Candidate: S M Taslim Uddin Raju
Date: April 16, 2025
Time: 11:00am
Location: online - Teams
Supervisor: Fakhri Karray
All are welcome!
Abstract:
Microscopic assessment of histopathology images is vital for accurate cancer diagnosis and treatment. Classification and captioning Whole Slide Images (WSIs) for pathological analysis is an essential but not extensively explored aspect of computer-aided pathological diagnosis. Challenges arise from insufficient datasets and the effectiveness of model training. Generating automatic caption reports for various gastric adenocarcinoma images is another challenge. Moreover, microscopic WSIs face challenges such as redundant patches and unknown patch positions due to subjective pathologist captures.
The thesis is divided into two folds. At first, a hybrid method referred to as TransUAAE-CapGen is introduced to generate histopathological captions from WSI patches. The TransUAAE-CapGen architecture consists of a hybrid UNet-based Advereasrial Autoencoder (AAE) for feature extraction and a transformer for caption generation. The hybrid UNet-based AAE extracted complex tissue properties from histopathological patches, transforming them into low-dimensional embeddings. The embeddings are then fed into the transformer to generate concise captions.

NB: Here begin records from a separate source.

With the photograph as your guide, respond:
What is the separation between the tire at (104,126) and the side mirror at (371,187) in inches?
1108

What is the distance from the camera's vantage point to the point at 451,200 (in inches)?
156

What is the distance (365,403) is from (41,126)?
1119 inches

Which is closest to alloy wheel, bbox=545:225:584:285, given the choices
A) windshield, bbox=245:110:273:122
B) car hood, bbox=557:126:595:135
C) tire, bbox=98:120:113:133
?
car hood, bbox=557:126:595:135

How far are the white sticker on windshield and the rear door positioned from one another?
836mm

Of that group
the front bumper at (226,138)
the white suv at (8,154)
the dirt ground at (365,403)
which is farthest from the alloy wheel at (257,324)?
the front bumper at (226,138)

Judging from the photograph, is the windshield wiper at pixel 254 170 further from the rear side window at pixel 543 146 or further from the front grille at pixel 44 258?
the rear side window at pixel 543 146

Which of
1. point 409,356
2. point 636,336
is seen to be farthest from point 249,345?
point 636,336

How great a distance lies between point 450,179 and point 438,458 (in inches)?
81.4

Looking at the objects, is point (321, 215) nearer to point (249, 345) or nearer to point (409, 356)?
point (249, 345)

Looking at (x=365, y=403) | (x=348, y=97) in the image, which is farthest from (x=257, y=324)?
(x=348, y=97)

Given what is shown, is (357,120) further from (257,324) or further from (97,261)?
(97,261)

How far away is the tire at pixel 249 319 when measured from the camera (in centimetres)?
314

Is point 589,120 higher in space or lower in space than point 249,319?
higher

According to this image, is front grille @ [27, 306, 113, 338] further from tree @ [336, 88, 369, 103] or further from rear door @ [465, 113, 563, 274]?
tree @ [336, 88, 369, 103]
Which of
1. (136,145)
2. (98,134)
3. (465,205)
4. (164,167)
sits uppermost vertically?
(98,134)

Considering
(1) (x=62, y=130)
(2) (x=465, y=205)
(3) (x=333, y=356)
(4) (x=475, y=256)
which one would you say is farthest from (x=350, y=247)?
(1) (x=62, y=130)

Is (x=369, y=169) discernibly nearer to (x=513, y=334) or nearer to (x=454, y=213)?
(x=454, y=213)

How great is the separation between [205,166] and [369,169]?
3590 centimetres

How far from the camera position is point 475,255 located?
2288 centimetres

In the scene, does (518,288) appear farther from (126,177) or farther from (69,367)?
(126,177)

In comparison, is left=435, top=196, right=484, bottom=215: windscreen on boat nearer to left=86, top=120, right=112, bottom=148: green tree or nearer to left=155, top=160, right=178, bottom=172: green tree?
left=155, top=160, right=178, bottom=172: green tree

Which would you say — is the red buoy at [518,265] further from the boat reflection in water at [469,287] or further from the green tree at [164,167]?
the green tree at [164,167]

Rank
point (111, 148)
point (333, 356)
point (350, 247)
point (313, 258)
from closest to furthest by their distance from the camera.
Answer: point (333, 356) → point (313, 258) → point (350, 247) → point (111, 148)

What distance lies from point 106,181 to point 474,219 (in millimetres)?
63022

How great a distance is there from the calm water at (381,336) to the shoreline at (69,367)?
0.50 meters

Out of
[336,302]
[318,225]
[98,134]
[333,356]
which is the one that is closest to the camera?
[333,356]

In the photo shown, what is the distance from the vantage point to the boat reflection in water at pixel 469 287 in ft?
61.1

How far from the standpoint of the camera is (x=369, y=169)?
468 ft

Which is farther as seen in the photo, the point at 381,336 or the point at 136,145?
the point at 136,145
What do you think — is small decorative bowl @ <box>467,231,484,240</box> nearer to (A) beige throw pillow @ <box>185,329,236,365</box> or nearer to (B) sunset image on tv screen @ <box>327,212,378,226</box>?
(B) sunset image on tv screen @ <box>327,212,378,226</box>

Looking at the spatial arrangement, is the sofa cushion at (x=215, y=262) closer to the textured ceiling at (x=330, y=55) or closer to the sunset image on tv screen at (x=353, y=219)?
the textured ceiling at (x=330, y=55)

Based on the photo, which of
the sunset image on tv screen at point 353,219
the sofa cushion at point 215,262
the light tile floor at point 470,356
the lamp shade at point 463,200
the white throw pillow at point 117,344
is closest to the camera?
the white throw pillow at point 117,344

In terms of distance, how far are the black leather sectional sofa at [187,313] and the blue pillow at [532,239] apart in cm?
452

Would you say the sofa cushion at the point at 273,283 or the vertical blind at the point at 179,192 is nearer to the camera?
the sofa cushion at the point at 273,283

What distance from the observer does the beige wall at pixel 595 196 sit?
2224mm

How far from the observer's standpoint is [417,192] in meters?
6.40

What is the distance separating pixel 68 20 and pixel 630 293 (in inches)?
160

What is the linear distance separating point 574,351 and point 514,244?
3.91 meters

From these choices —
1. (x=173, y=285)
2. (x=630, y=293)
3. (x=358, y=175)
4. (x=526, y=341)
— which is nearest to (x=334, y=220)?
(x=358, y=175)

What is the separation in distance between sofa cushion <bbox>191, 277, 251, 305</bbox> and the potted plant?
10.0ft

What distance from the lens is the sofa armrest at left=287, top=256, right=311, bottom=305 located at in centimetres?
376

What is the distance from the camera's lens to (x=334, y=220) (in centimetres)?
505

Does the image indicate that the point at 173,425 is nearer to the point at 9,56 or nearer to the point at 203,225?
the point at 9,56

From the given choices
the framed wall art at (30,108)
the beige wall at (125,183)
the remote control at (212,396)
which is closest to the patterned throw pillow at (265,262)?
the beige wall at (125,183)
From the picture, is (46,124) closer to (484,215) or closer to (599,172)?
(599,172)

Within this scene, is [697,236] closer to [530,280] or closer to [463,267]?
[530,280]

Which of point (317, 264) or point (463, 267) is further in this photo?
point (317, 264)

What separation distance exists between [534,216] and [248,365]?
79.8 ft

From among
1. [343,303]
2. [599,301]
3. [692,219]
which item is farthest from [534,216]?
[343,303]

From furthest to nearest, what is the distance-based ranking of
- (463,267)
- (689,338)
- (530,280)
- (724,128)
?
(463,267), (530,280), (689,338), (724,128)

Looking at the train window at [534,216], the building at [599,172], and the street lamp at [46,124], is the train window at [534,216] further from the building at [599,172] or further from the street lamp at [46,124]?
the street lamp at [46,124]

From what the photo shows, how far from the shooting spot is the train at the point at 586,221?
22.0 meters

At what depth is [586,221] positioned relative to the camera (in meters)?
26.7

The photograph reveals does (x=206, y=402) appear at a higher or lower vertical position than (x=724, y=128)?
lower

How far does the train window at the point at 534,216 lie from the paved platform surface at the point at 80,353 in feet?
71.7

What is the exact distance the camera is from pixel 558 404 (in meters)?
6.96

The second fold focuses on how to reduce redundant patches and handle the unknown patch positions due to subjective pathologist captures. To address these challenges, a novel GNN-ViTCap framework is introduced for classification and caption generation from histopathological microscopic images. A visual feature extractor is used to extract feature embeddings. The redundant patches are removed by using deep embedded clustering to dynamically cluster the images and extracting representative images through a scalar dot attention mechanism. The graph is formed by constructing edges from similarity matrix, ensuring that each node is connected to its closest neighbors. Therefore, graph neural network is utilized to extract and represent contextual information from both local and global areas. The aggregated image embeddings are then projected into the language model’s input space using a linear layer and combined with input caption tokens to fine-tune the large language models for caption generation.
Our proposed methods are validated using the BreakHis and PatchGastric microscopic datasets. Several ablation studies have been performed to validate our methods. Experimental analysis demonstrates that the proposed TransUAAE-CapGen and GNN-ViTCap architectures outperform state-of-the-art approaches. Our approaches can be integrated into clinical workflows to facilitate early diagnosis and treatment planning, ultimately enhancing patient care using whole slide images.